Marani begins with a very interesting ‘what if’ situation. What if Italy is ruled by the Vatican and is a theocratic state? What if the state’s secret service hunts down those who transgress the religious laws?
The main character, Domingo Salazar, is a policeman in an Italy 20 or 30 years in the future. ‘I see to it that the laws of our Holy Mother Church are respected…I never knew my parents, but from the colour of my skin I think they must have been Caribbean….I studied at the patriarchal monastery in Bologna and then at the Papal Police Academy in Rome, which I left with the rank of inspector in the fifth year of the reign of Pope Benedict XVIII.’ Policemen in this Italy are given to quoting the catechisms of Joseph Ratzinger such as: ‘Angels are individual beings endowed with intelligence and will’.
Salazar enters the church and kneels in the confessional and awaits instructions about his next mission (a delicious irony).
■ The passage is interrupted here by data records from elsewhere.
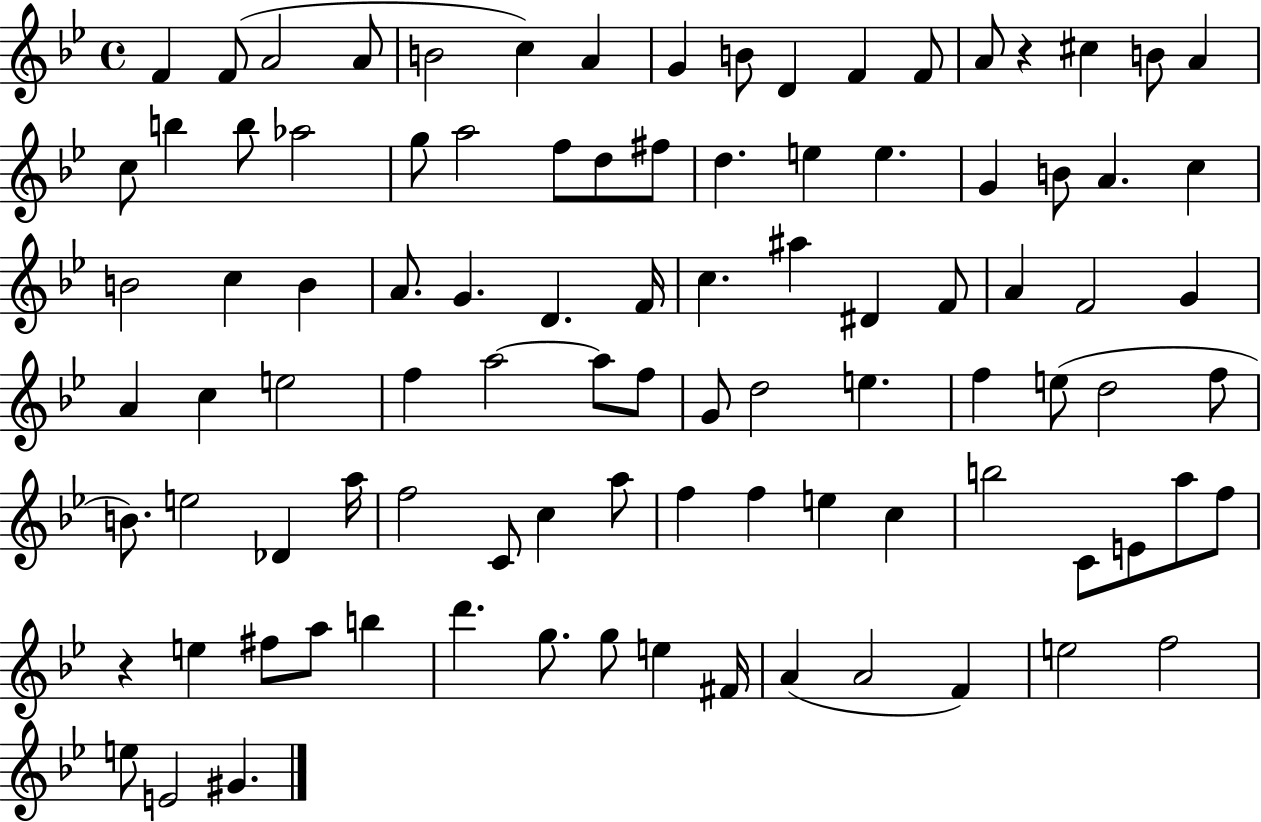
{
  \clef treble
  \time 4/4
  \defaultTimeSignature
  \key bes \major
  f'4 f'8( a'2 a'8 | b'2 c''4) a'4 | g'4 b'8 d'4 f'4 f'8 | a'8 r4 cis''4 b'8 a'4 | \break c''8 b''4 b''8 aes''2 | g''8 a''2 f''8 d''8 fis''8 | d''4. e''4 e''4. | g'4 b'8 a'4. c''4 | \break b'2 c''4 b'4 | a'8. g'4. d'4. f'16 | c''4. ais''4 dis'4 f'8 | a'4 f'2 g'4 | \break a'4 c''4 e''2 | f''4 a''2~~ a''8 f''8 | g'8 d''2 e''4. | f''4 e''8( d''2 f''8 | \break b'8.) e''2 des'4 a''16 | f''2 c'8 c''4 a''8 | f''4 f''4 e''4 c''4 | b''2 c'8 e'8 a''8 f''8 | \break r4 e''4 fis''8 a''8 b''4 | d'''4. g''8. g''8 e''4 fis'16 | a'4( a'2 f'4) | e''2 f''2 | \break e''8 e'2 gis'4. | \bar "|."
}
His superior, the vicar whispers through the grill about the urgency of the assignment. “Euthanasia, as miscreants and scientists refer to it, destroys what God holds dearest, namely, the life He has given us.” If men cease to fear death, the church’s hold on people’s consciences is also threatened. The Catholic state suspects that these terminally ill patients may be helped along to their deaths by an underground group, the Free Death Brigade. Salazar’s mission is to track down Ivan Zago, an abortionist doctor, whose father is in the Hospital of San Filippo Neri under a false name. ‘The bait of the father will lead us to the son.’ Of course, the reader is hooked.
Salazar is a complicated and morally ambivalent character—a homosexual (in a world where homosexuality is a crime), who smokes hashish and likes ‘destroying things’. But at the same time, at the beginning of the book, he is committed to the Papal project of the Counter- Reformation. A compelling character in what is bound to be a gripping series. Can’t wait for the second book.